Wie viel kann man in einen Roman packen? Gila Lustiger stellt
vordergründig einen Mordfall ins Zentrum ihrer Erzählung. Doch spiralförmig
holt sie mehr und mehr aus und eröffnet vor dem Leser ein fundiertes und
differenziertes Bild Frankreichs der letzten 30 Jahre. Die hohen Erwartungen
und bisweilen kühlen Familienverhältnisse innerhalb der französischen Oberschicht,
wo man sich dank der ENA und exquisiten Diners natürlich kennt. Das sich
deutlich von Deutschland unterscheidende Verhältnis zur Sexualität und Affären –
und auch Prostitution. Die engen Verstrickungen von Politik und Wirtschaft,
gefördert durch Verstaatlichungsprozesse und Wiederprivatisierung. Dazu „der
kleine Mann“ – bzw. hier sind es eher Frauen – die davon träumen dazuzugehören,
aufzusteigen oder doch wenigstens ein bisschen Glück und Zufriedenheit vom
Leben zu erhalten.
Der Protagonist ist vielschichtig gezeichnet, bedingt durch seine
Herkunft mit entsprechender Erziehung und finanziellem Rückhalt, aber auch durch
den Faktor Jude zu sein und diese Kultur und Weltsicht mit über seine Annahmen
bestimmen zu lassen, blickt er aus einem ganz besonderen Winkel auf die
Geschehnisse und kann sich selbst nicht daraus lösen.

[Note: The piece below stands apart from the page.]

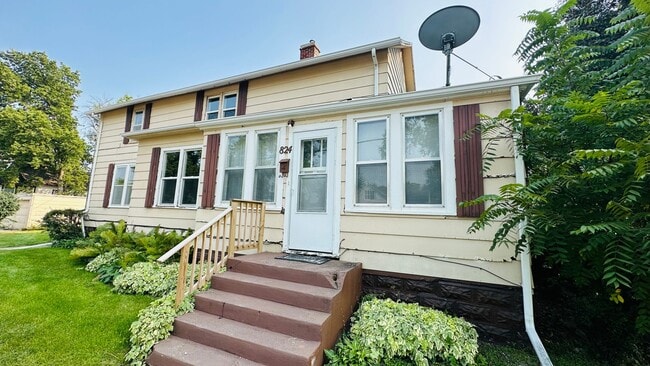 Photo - Gorgeous newly renovated 2 bedroom 1 bathroom! Unidad 1 - 822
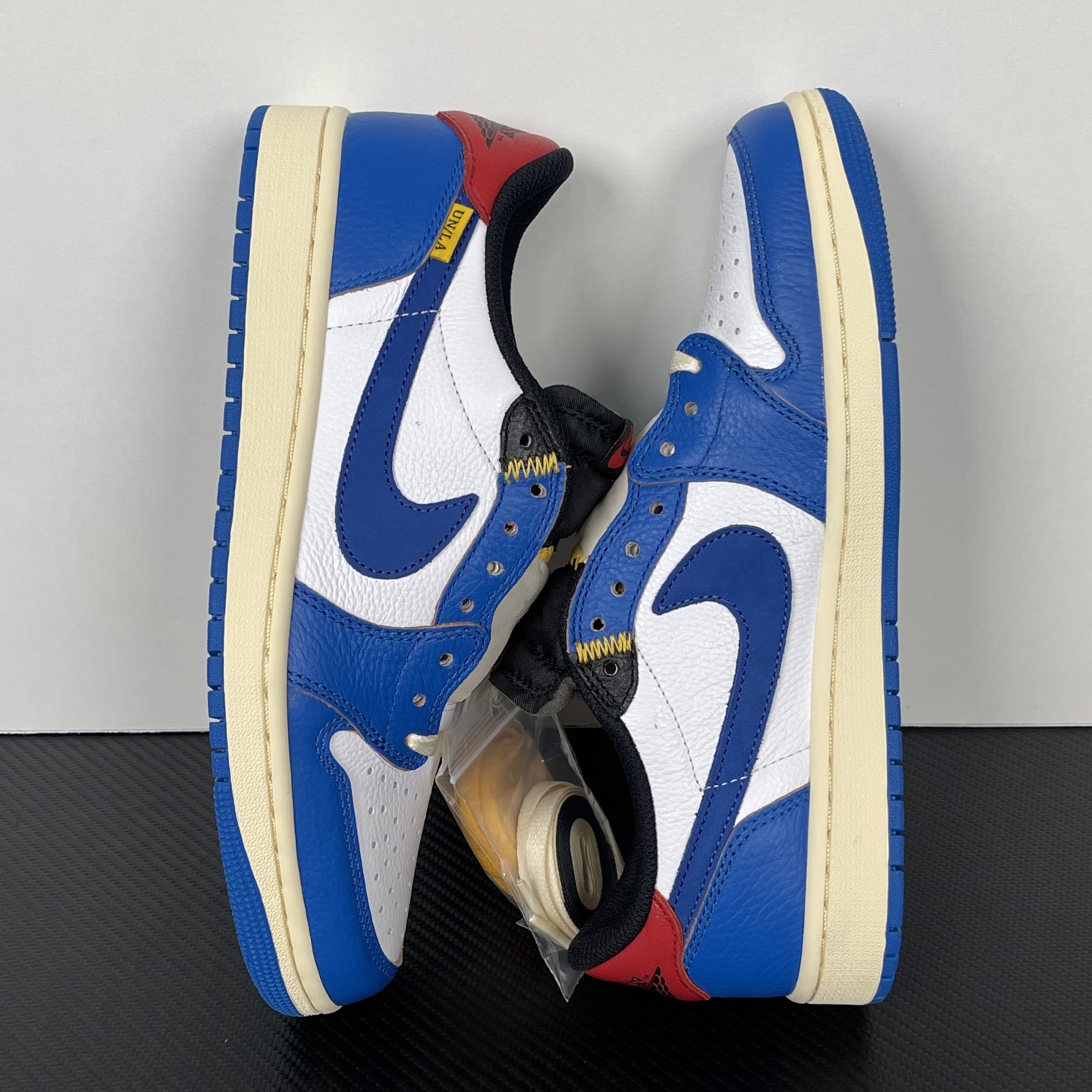 Travis Scott x Air Jordan 1 Low OG HQ6998-146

Aber genau diese Haltung und
dieser Background sind erforderlich, um Zugang zu unterschiedlichsten
Personengruppen Zugang zu erhalten und so mosaikartig ein Bild unseres
Nachbarlandes entstehen zu lassen. Seine Beziehungen sind schwierig und genau
dies wird ebenfalls äußert differenziert dargestellt durch immer wiederkehrende
Rückblicke und Episoden seiner Kindheit. Die Handlung folgt trotz der
zahlreichen Exkurse letztlich dem roten Faden des Mordfalles, auch wenn es
gegen Ende etwas undurchschaubar wird und die Lösung sich plötzlich
präsentiert.
Fazit: ein überwältigender Roman. Komplex, intensiv,
überzeugend.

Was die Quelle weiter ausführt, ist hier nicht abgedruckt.